Last Friday's reports on US retail sales and consumer prices both showed weaker-than-expected gains but still kept alive bets that the Fed might announce its second rate rise this year after its June meeting. 

“The data that we got [last] week, the Fedspeak we got recently, suggests that the reversal of the Trump trade is slightly overdone from the Fed’s perspective,” Thomas Simons, an economist at Jefferies, told Bloomberg. “It seems like they’re trying to combat that a bit with more aggressively hawkish guidance.”

Even so, the US dollar weakened as the price data signalled that perhaps the Fed needn’t retreat too fast.

"The economy picked it up a notch from the slow start earlier this year, but the inflation fires are not burning brightly and this will likely keep the Fed on just a gradual pace for interest rate hikes later this year," Chris Rupkey, chief economist at MUFG Union Bank in New York, told Reuters.

The Fed’s Loretta Mester is scheduled set to speak on Thursday, followed by James Bullard on Friday. 

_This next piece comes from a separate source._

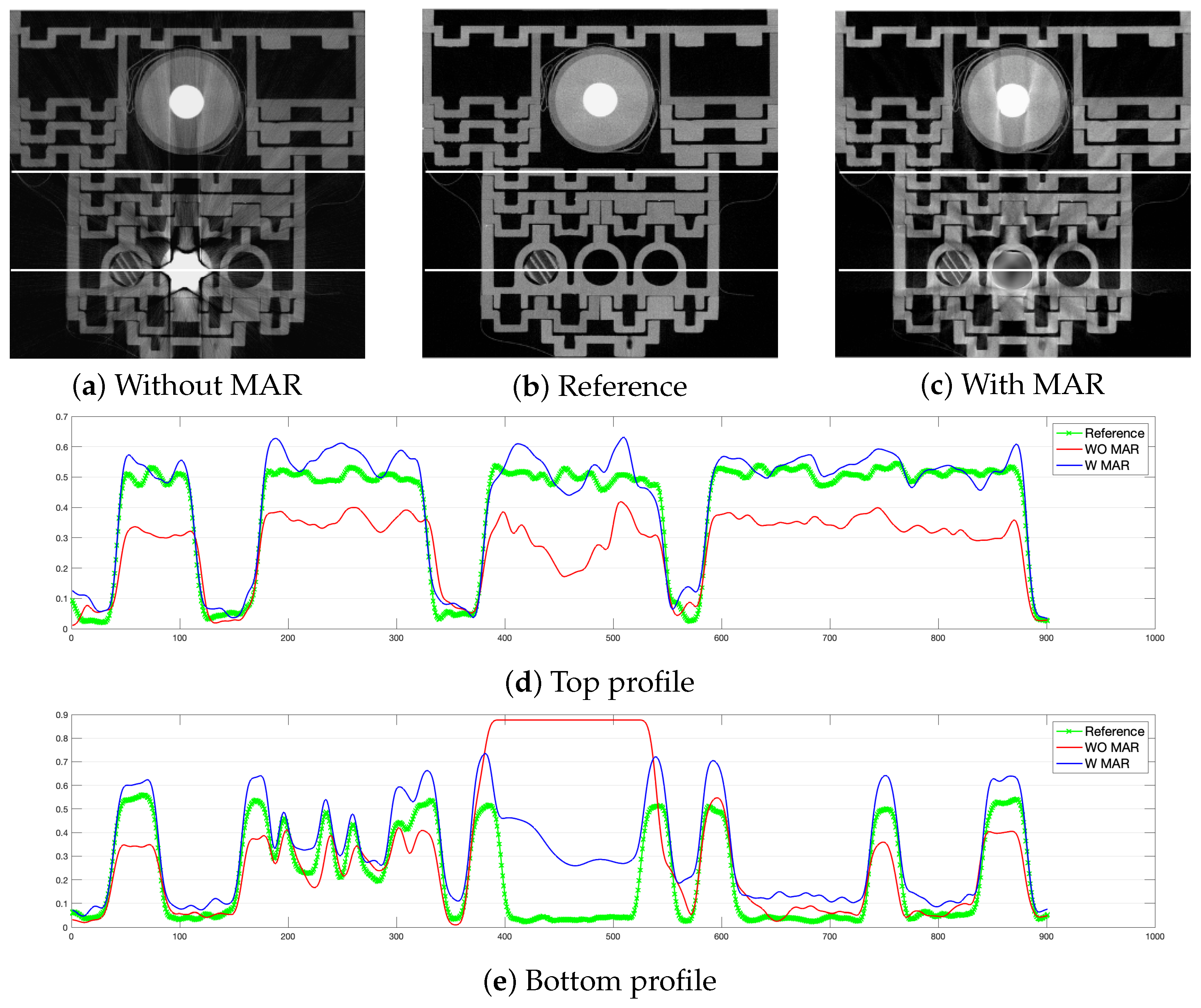 Sensors 24 07108 g007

Reports on the US economy slated for release in the coming days include the Empire State manufacturing survey, and housing market index, due today; housing starts, industrial production, and e-commerce retail sales, due Tuesday; as well as weekly jobless claims, Philadelphia Fed business outlook survey, leading indicators, due Thursday. 

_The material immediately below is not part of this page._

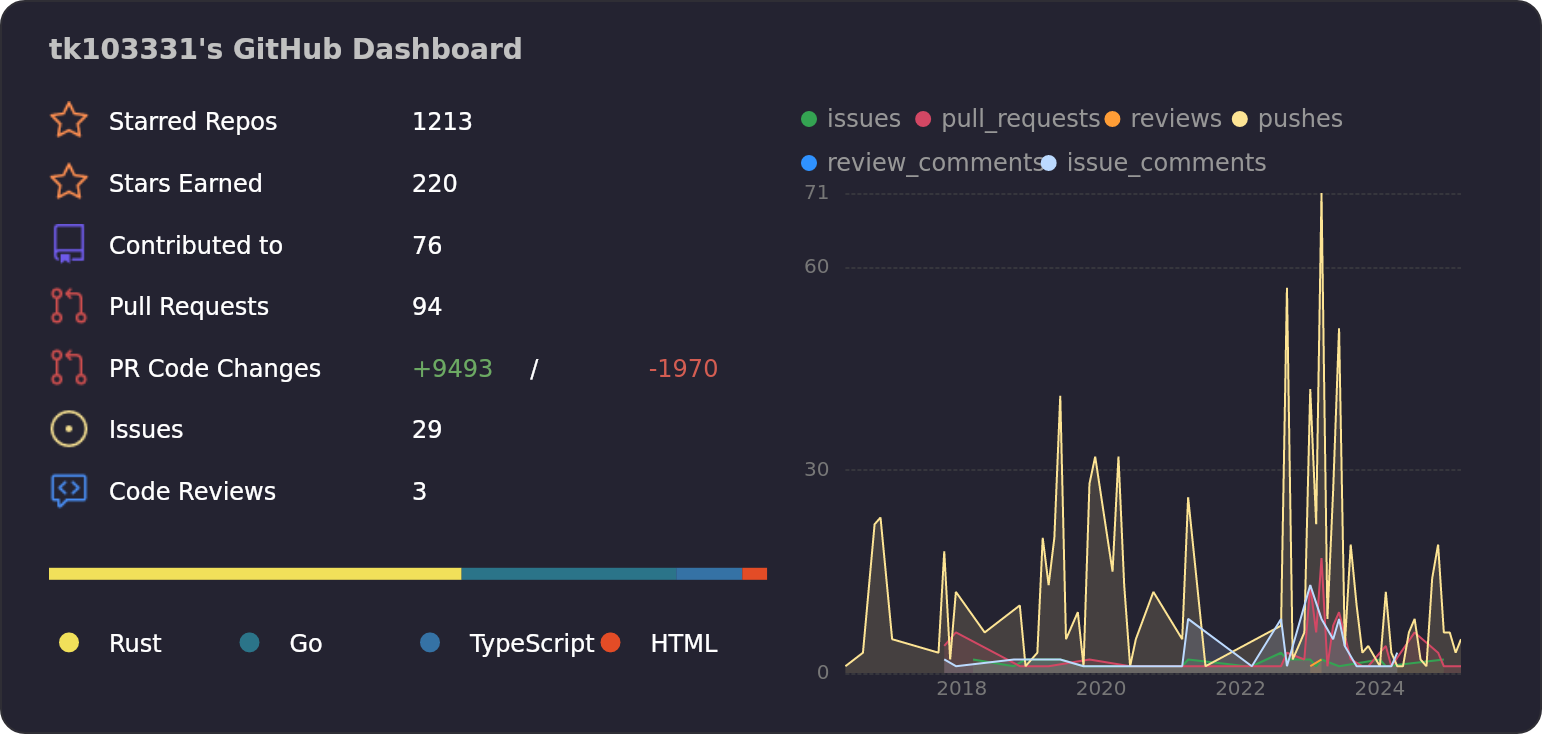 Dashboard stats of @tk103331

Last week, the Dow Jones Industrial Average slid 0.5 percent, while the Standard & Poor’s 500 Index fell 0.4 percent, and the Nasdaq Composite Index retreated 0.3 percent. 

On Friday, the S&P 500 closed at 2,390.90.

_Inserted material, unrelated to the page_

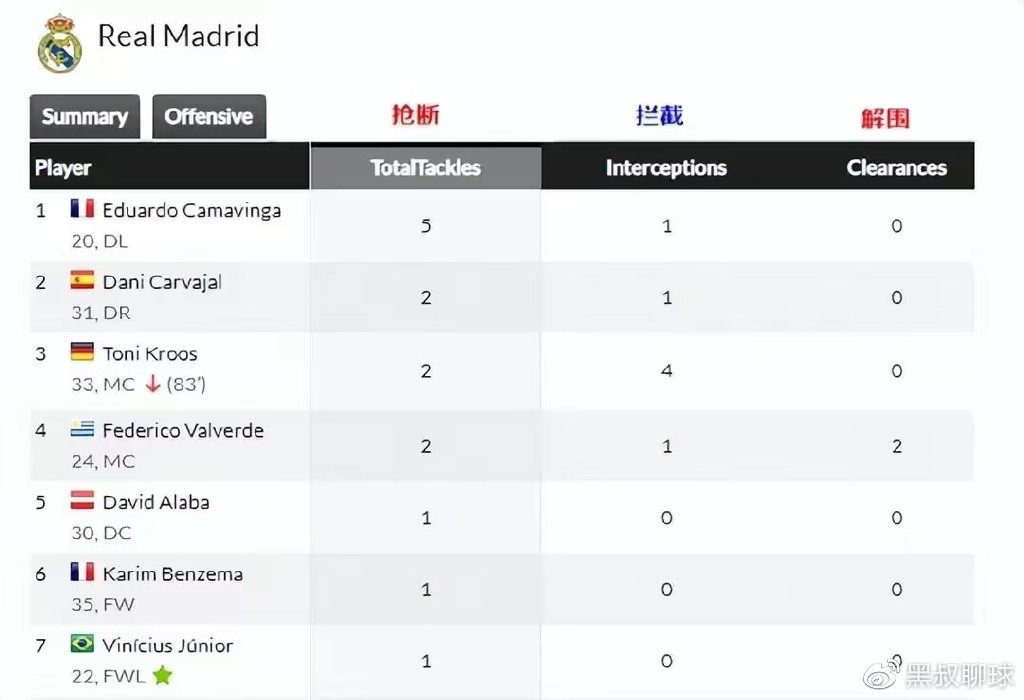 复盘曼城比赛完整版,复盘皇马对巴黎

“A continuous rejection of the 2,400 level has kept more substantial demand at bay,” Frank Cappelleri, a technical analyst at Nomura Instinet in New York, wrote in a note, Bloomberg reported. “The solution for this is any easy one: make new highs. Easy, yet challenging to actually accomplish.”

US Treasuries gained, sending the yield on the 10-year benchmark note 2 basis points lower for the week.

"Most of what you’ll find that is outright negative will have to do with sentiment," Marc Pado, president at DowBull.com in San Francisco, told Reuters. "People worried about the market on a technical basis are worried because there is too much complacency or optimism, but not on an indication that there is some kind of top."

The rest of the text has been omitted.